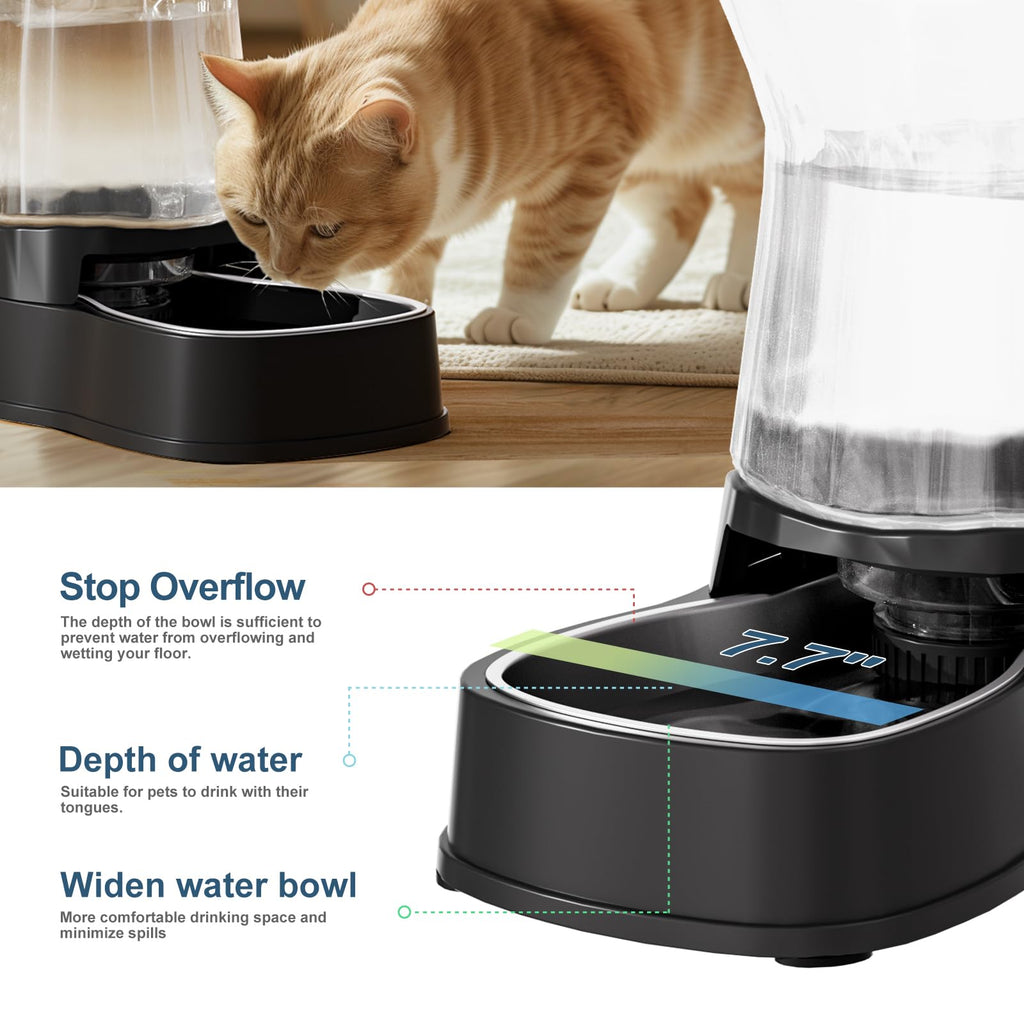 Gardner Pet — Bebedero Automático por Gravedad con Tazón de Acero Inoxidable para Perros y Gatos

* * * *

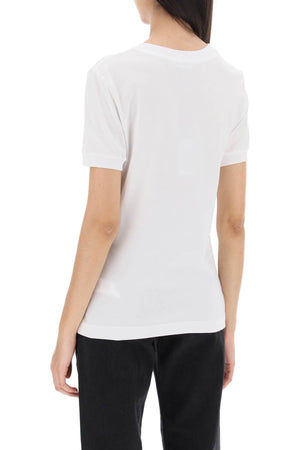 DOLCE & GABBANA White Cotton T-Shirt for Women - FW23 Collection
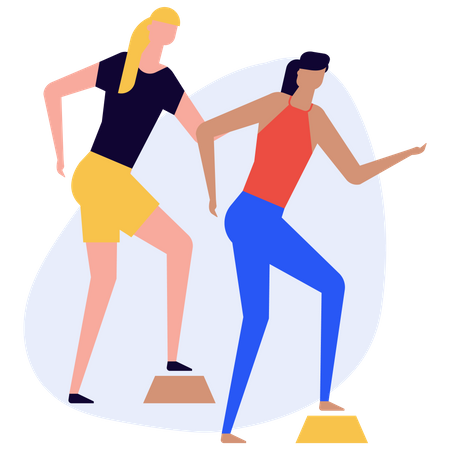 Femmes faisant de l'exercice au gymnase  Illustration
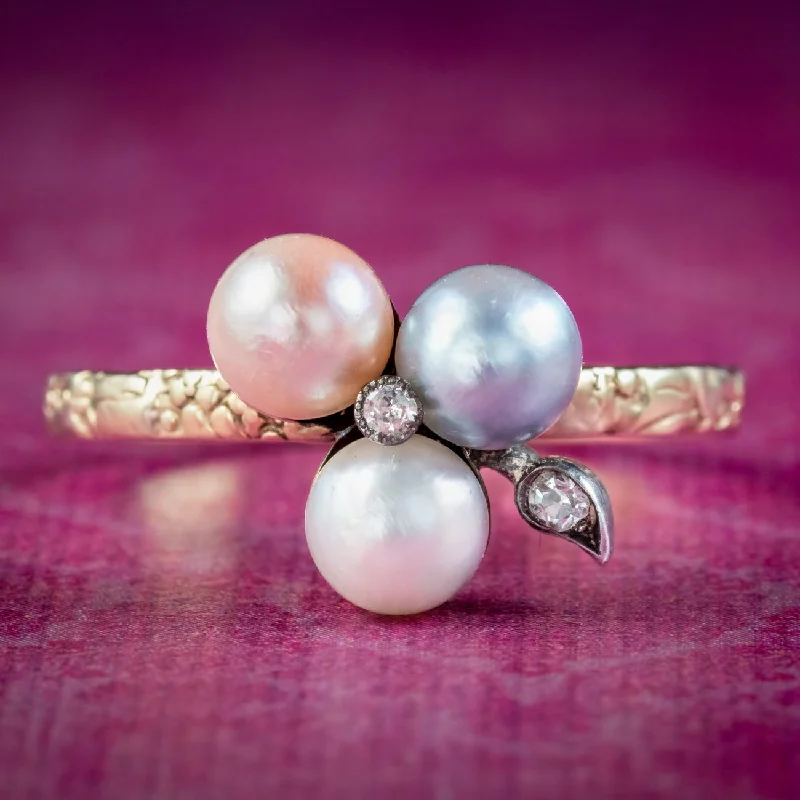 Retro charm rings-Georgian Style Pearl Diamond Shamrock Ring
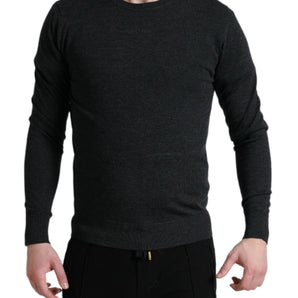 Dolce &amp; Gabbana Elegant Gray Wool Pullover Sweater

* * * *

> _THE PROBLEM_
Would you give again, exactly, the lines in the data above that run from the line containing "Femmes faisant de" to the line containing "Dolce &amp; Gabbana"? Include both ends and no pictures.

> _EXERCISE RESULT_
 Femmes faisant de l'exercice au gymnase  Illustration
 Retro charm rings-Georgian Style Pearl Diamond Shamrock Ring
 Dolce &amp; Gabbana Elegant Gray Wool Pullover Sweater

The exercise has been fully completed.